Monorail (bugs.chromium.org) is a complex issue tracking tool with a large number of features that needs to work very reliably because it is used by everyone working on Chrome, which is a critical Google product. At the same time, testing needs to be done at low cost because the Monorail team is also tasked with developing new functionality.

Strategy

Basically, the end goal is a test automation pyramid with the base being unit tests with the highest test coverage, a middle layer where we test the API that the the UI uses, and the top layer is automated system tests for a few things to avoid surprises.

Testing pyramid

The reason for that is that unit tests give the best return on investment and the best support for ensuring that individual changes work correctly as those changes are being made. End-to-end testing is more like a necessary evil: it is not very cost-effective because these tests are hard to write, easily broken by unrelated changes, and often have race conditions that make them flakey if we are not very careful. The API tests at the middle layer are a kind of integration testing that proves that larger parts of the code work together in a production environment, but they should still be easy to maintain.

Past experience on code.google.com supports that strategy. Automated system tests were done through the UI and were notoriously slow and flakey. IIRC, we ran them 4 times and if any one run passed, it was considered a pass, and it was still flakey. They frequently failed mysteriously. They were so flakey that it was hard to know when a new real error had been introduced rather than flakiness getting worse. We repeatedly rewrote tests to eliminate flakiness and got them to pass, but that is a slow process because you need to run the tests many times to be sure that it is really passing, and there was always the doubt that a test could be falsely passing. Many manual tests were never automated because of a backlog of problems with the existing automated tests.

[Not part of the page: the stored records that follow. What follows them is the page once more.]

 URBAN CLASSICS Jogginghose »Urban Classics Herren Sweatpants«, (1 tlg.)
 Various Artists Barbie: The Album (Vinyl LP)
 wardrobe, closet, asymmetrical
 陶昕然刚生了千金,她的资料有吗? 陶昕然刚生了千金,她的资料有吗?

See also: Google Test Blog posting about end-to-end tests. And, Google internal unit test how-to.

Test coverage goals

TypeLang/TechCoverageFlakiness
UnitPython pRPC API code100%None
UnitOther python code>85%None
UnitJavascript functions>90%None
UnitLitElement JS>90%None
IntegrationProbers10%?None
IntegrationpRPC client in python?25%?None
UIWeb testing tool?10%?As little as possible
UIEnglish in a spreadsheet100%N/A

Plan of action

Building all the needed tests are a lot of work, and we have limited resources and a lot of other demands. So, we need to choose wisely. Also, we need to keep delivering quality releases at each step, so we need to work incrementally. Since we won't “finish”, we need a mindset of constant test improvement, as tracked in coverage and flakiness metrics.

Steps:

  1. Strictly maintain unit test coverage for pRPC, work_env, and other key python files at 100%.

  2. Improve python unit test code style and update library usage, e.g., mox to mock.

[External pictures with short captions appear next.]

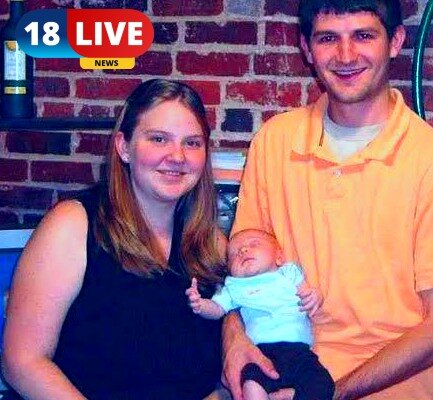 Who was Heather Strube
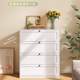 Five chests of cabinet art use guest GJY hall against the wall, an iron house interior storage cabinet bed room multi-story floor-standing tail pull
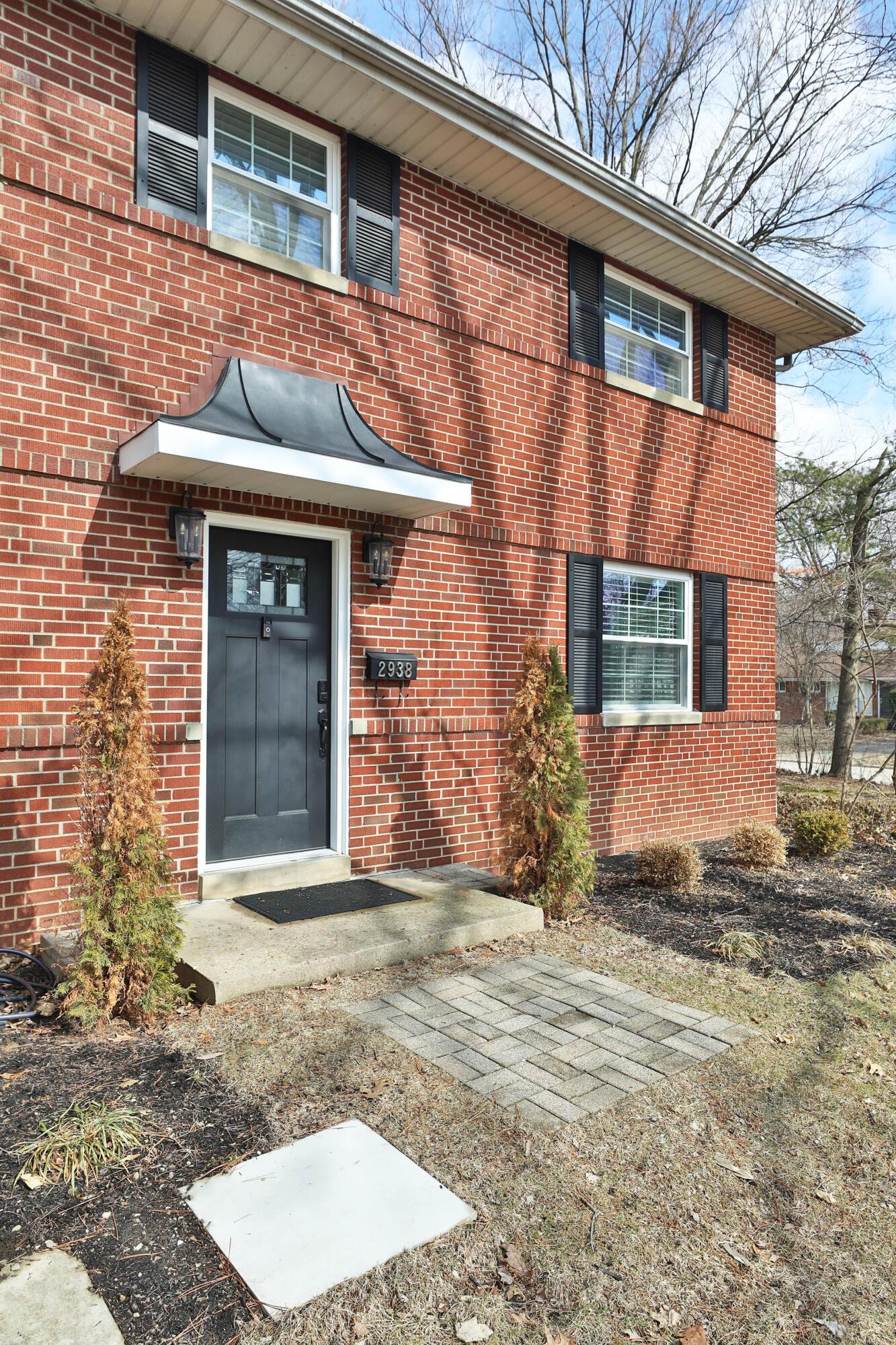 2938 Sherwood Road Property Photo 4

  3. Improve unit test coverage for other python code to be > 85%.

  4. Maintain JS unit tests as part of UI refresh. Run with karma.

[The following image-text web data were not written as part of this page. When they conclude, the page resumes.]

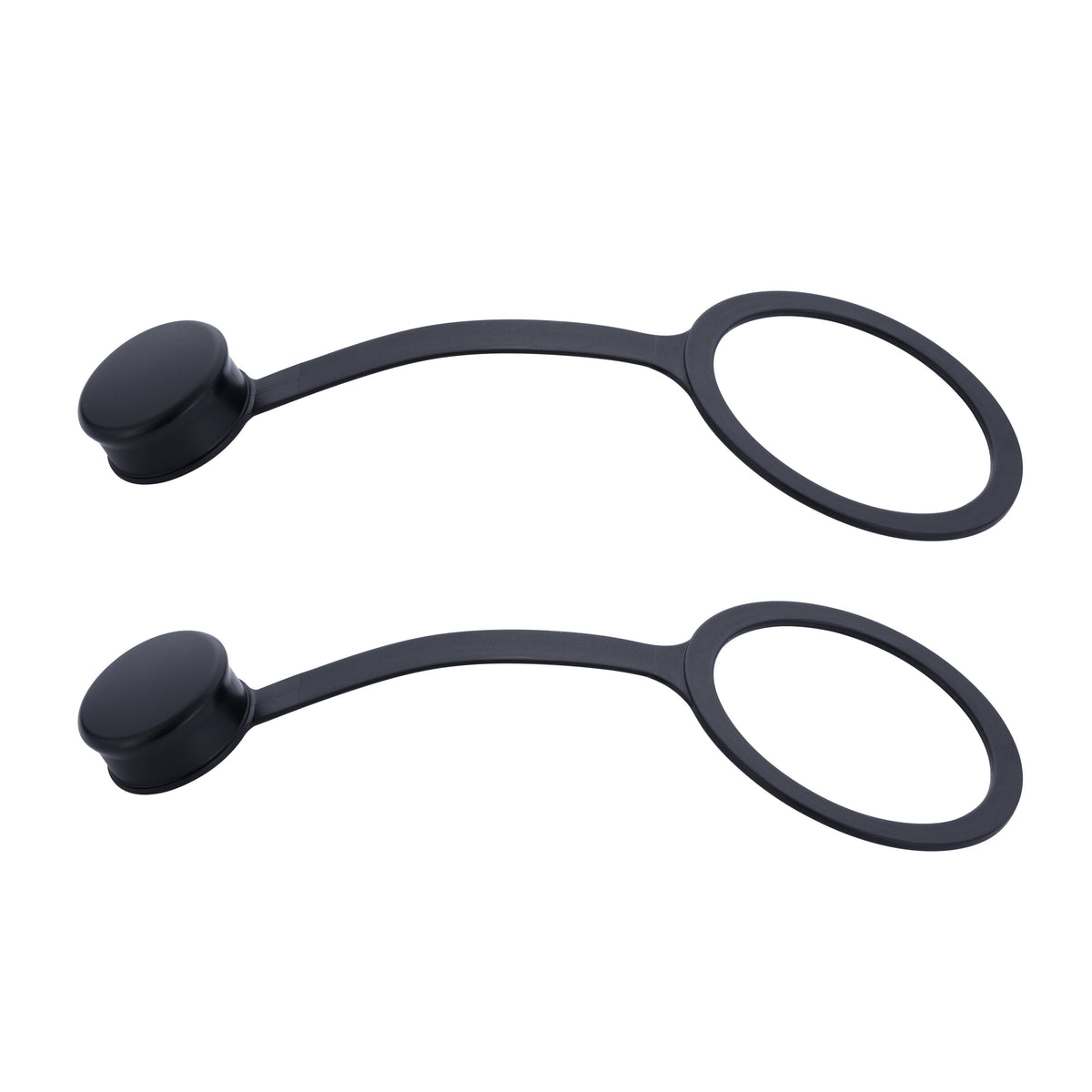 sport-cap-dust-covers-2-pack-s9 sport_cap_dust_covers_2pack.jpg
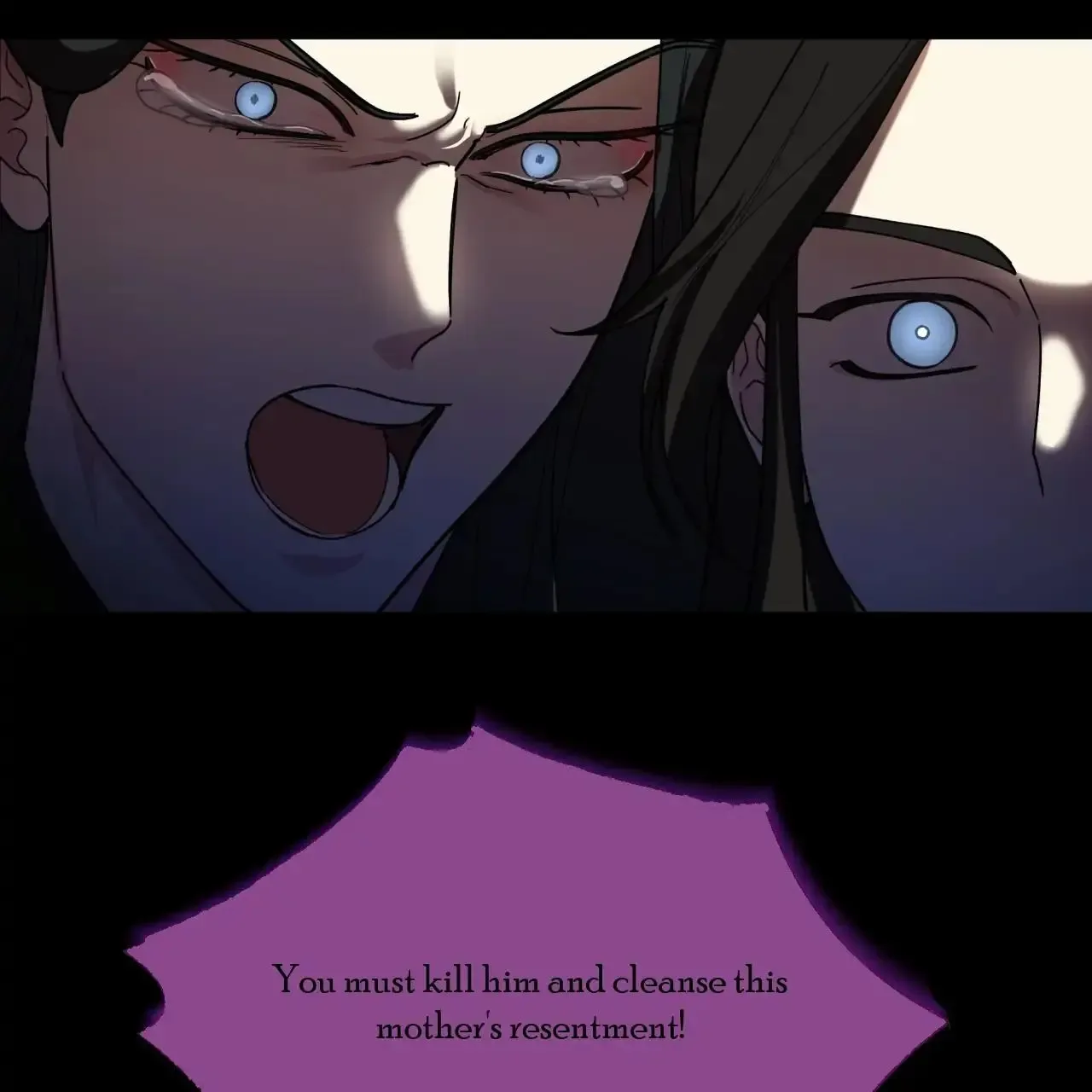 For a Thousand Autumns Chapter 10 page 93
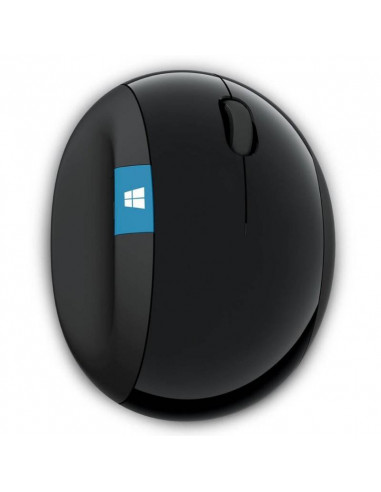 MOUSE USB OPTICAL WRL ERGONOM./SCULPT L6V-00005 MS,L6V-00005 MOUSE USB OPTICAL WRL ERGONOM./SCULPT L6V-00005 MS,L6V-00005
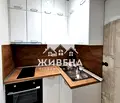 Снимка 2 — Тристаен апартамент във Варна, м-т Ален мак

  5. Design and implement probers for a few key features.

  6. Design and implement API unit tests and system tests.

  7. Research options for web UI testing. Select one.

  8. Implement automated UI tests for a few key features.

  9. Maintain go/monorail-system-test spreadsheet as we add or modify functionality.

Related topics

Accessibility testing: So far we have just used the audit tools in Chrome. We could find additional audit tools and/or request consultation with some of our users who are accessibility experts. We have, and will continue to, give high priority to accessibility problems that are reported to us.

API performance testing: Some API calls are part of our monitoring. However, we currently do not actively manage small changes in latency. We should look at performance changes for each release and over longer time-spans.

UI performance testing: Again, we have monitoring, but we have not been looking critically at small changes in UI performance across releases.

Security testing: We are enrolled in a fuzzing service.